[#tbt] Pinback, delicatezze di fine millennio

“La mia banca è differente”, diceva un vecchio adagio pubblicitario, e anche il mio algoritmo lo è. Beh, è il mio algoritmo, ed è giusto che sia così. Sto parlando dell’algoritmo di Spotify che purtroppo, o per fortuna, ormai ci becca davvero tanto, sono bastati un paio di anni di abbonamento e ha raggiunto livelli che Deezer in 5 anni non si è sognato minimamente.
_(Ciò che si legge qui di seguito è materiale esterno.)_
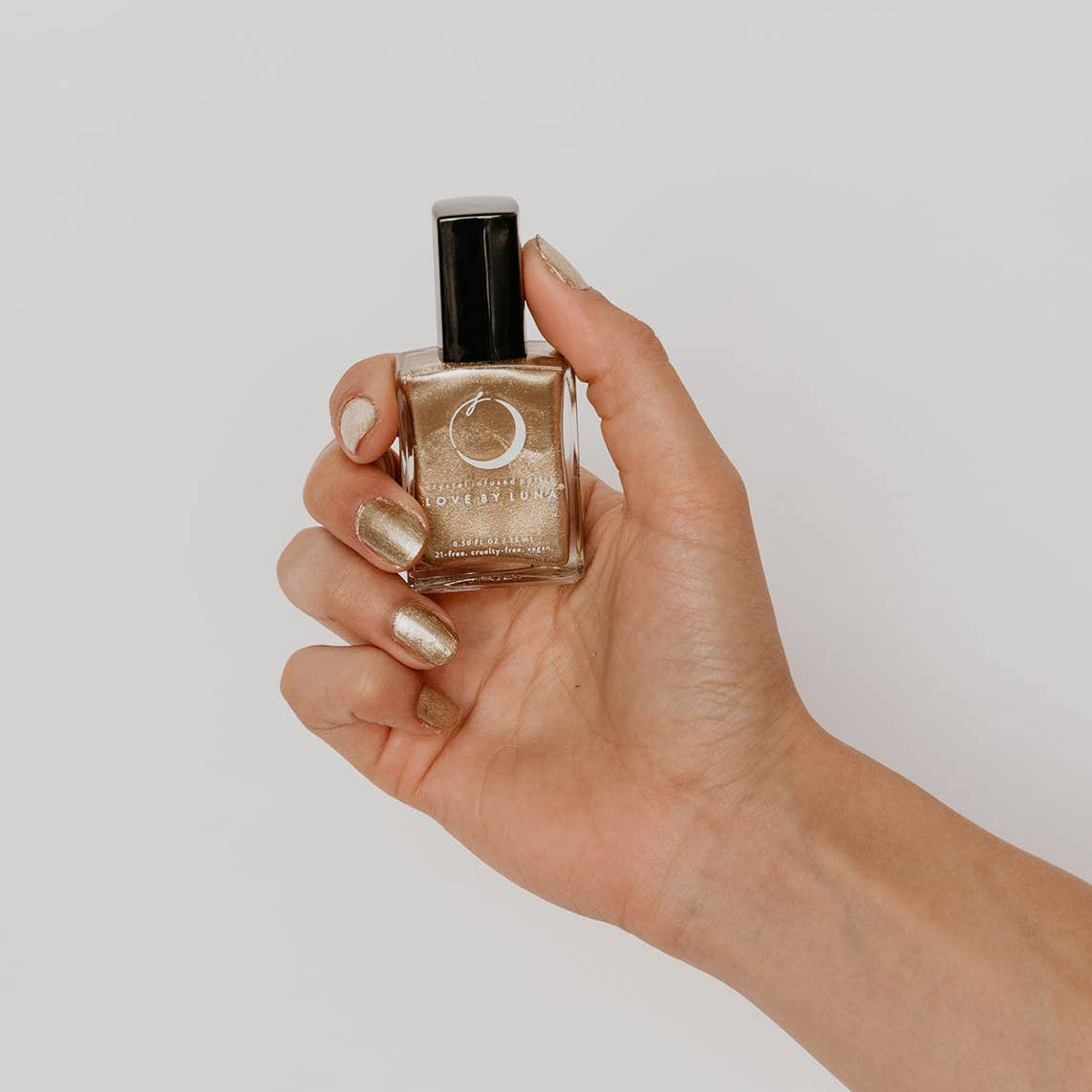 Hand holding a small bottle of nail polish against a plain background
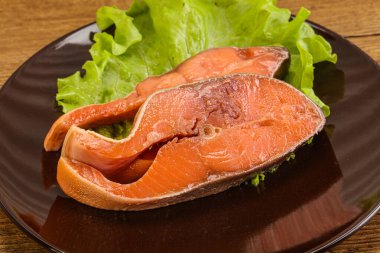 İki pembe somon balığı bifteği. Salata yaprağı.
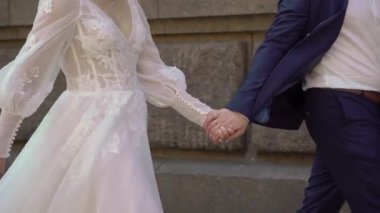 Gelin ve damat kaldırımda yürürler. Erkek ve kadın bacakları, düğün çifti. Beyaz uzun elbiseli kız..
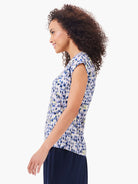 Here's alt text under 125 characters:

V-neck, short-sleeved tank top. Off-white background with abstract blue, purple,...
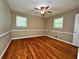 Cozy bedroom features hardwood floors, and two large windows with nice views at 663 Embry Ln, Marietta, GA 30066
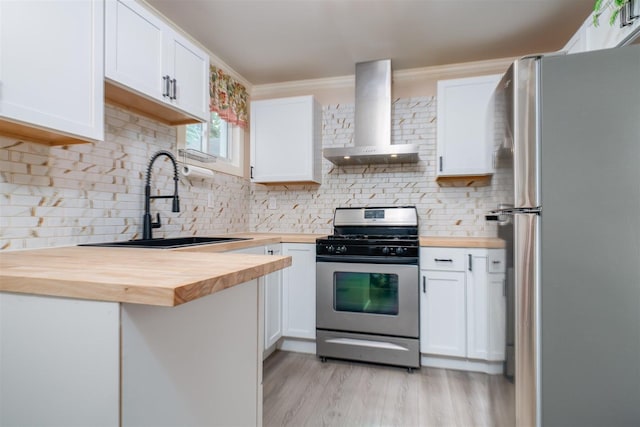 709 S Oak St, Bloomington, IL 61701 - kitchen featuring wood counters, stainless steel appliances, wall chimney range hood, a sink, and ornamental molding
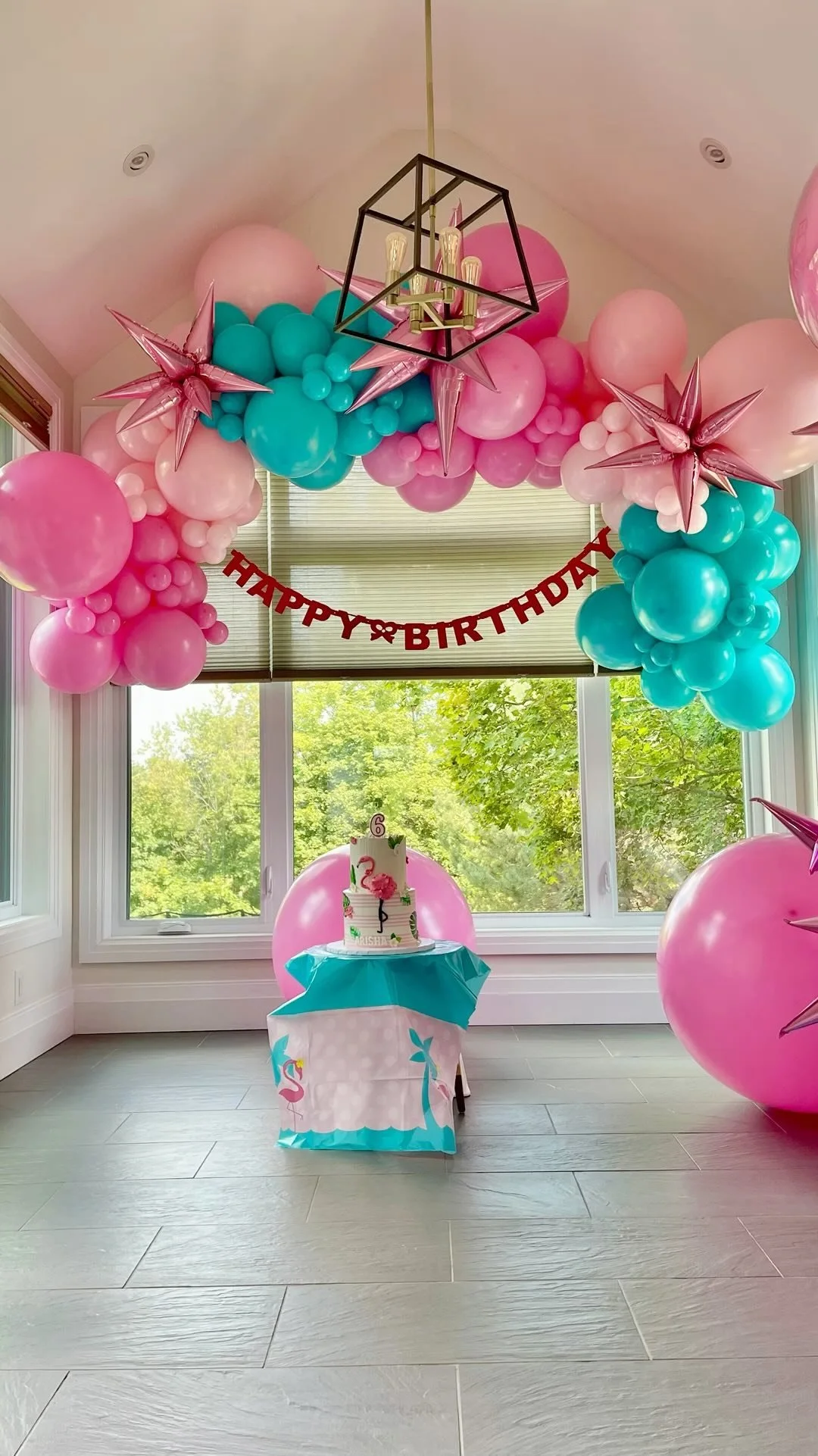 Decorated birthday celebration area with balloon arch in pink and teal, a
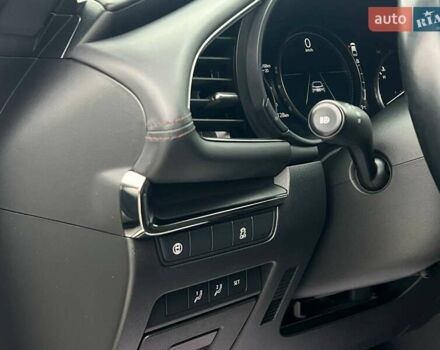 Білий Мазда 3, об'ємом двигуна 2.49 л та пробігом 85 тис. км за 15000 $, фото 9 на Automoto.ua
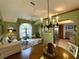 Charming dining area with chandelier and view into kitchen at 31 Augusta Cir, St Cloud, FL 34769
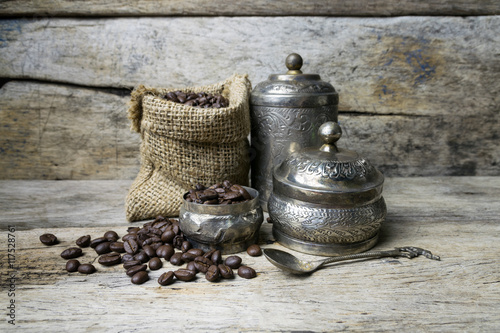 Silver cup and Coffee beans in sackcloth bag on wooden backgroun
E così questo giovedì mi toccava il #tbt e il mio algoritmo ha pensato bene di far partire, dalla radio basata su “Do You Realize??” dei Flaming Lips (l’avevo ritirata fuori perché inserita da Blow Up al 19° posto delle canzoni straniere più belle degli anni 2000), una canzone di un gruppo che non avevo mai incrociato, i Pinback. Più in particolare un estratto dal loro album d’esordio omonimo del 1999, un brano dal titolo “Loro”: l’arpeggio rarefatto e stoppato, l’atmosfera sorniona (“sonnolente”, l’ha definita invece Scaruffi), quel rullante che mi ha subito riportato a un po’ di tempo fa, mi hanno creato subito simpatia. Era l’anno del baco del millennio, la musica stava cambiando come ha dimostrato Trainwreck: Woodstock ’99, forse si era raggiunto il livello massimo di watt e bisognava rifermarsi, abbassare i potenziometri, e da qui nasce quella nuova sensibilità indie che riscopre la bellezza della frugalità dei suoni.
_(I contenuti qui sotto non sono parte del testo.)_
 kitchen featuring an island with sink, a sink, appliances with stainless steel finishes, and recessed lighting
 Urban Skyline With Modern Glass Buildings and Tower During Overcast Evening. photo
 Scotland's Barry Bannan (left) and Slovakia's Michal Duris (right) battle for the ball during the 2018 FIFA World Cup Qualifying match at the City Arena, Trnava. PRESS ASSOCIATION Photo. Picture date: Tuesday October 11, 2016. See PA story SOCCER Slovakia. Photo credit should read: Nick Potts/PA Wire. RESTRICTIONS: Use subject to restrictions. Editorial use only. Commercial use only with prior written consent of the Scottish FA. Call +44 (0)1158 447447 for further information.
I Pinback sono un progetto di Rob Crow, cantante e chitarrista di San Diego che negli Heavy Vegetable – a metà anni ’90 – inseguiva un suono pesante, mentre “Pinback” sa di delicatezze sghembe-elettroniche folk degli inizi 2000 alla Grandaddy che ascoltate oggi fanno un po’ di tenerezza ma che sanno di buono. Non so se “Pinback” sia un album che meriti di essere ricordato nei secoli dei secoli, ma sono certo che valga la pena darci un ascolto, dargli una possibilità.

E così potrebbe essere che l’algoritmo e Kalporz, un po’ casualmente, abbiano riportato alla luce specie di quasi-piccola chicca, un album a cui manca qualcosa per essere influente ma che svela tanto fascino, non un album trascendentale ma uno di quelli che – nonostante tutto – ti va di approfondire, di ascoltare dall’inizio alla fine. Che è un po’ la bellezza dei perdenti, di quelli che non mollano e che, nonostante siano dimenticati, con un colpo di coda ti riappaiono così, in un giovedì qualunque, più di vent’anni dopo.

P.S. I Pinback pareva fossero ormai storia e sepolta visto che nel 2015 Rob Crow aveva dichiarato di voler abbandonare la musica, ma ora li si ritrova in pista, quantomeno dal vivo, con spettacoli fissati per il 2023.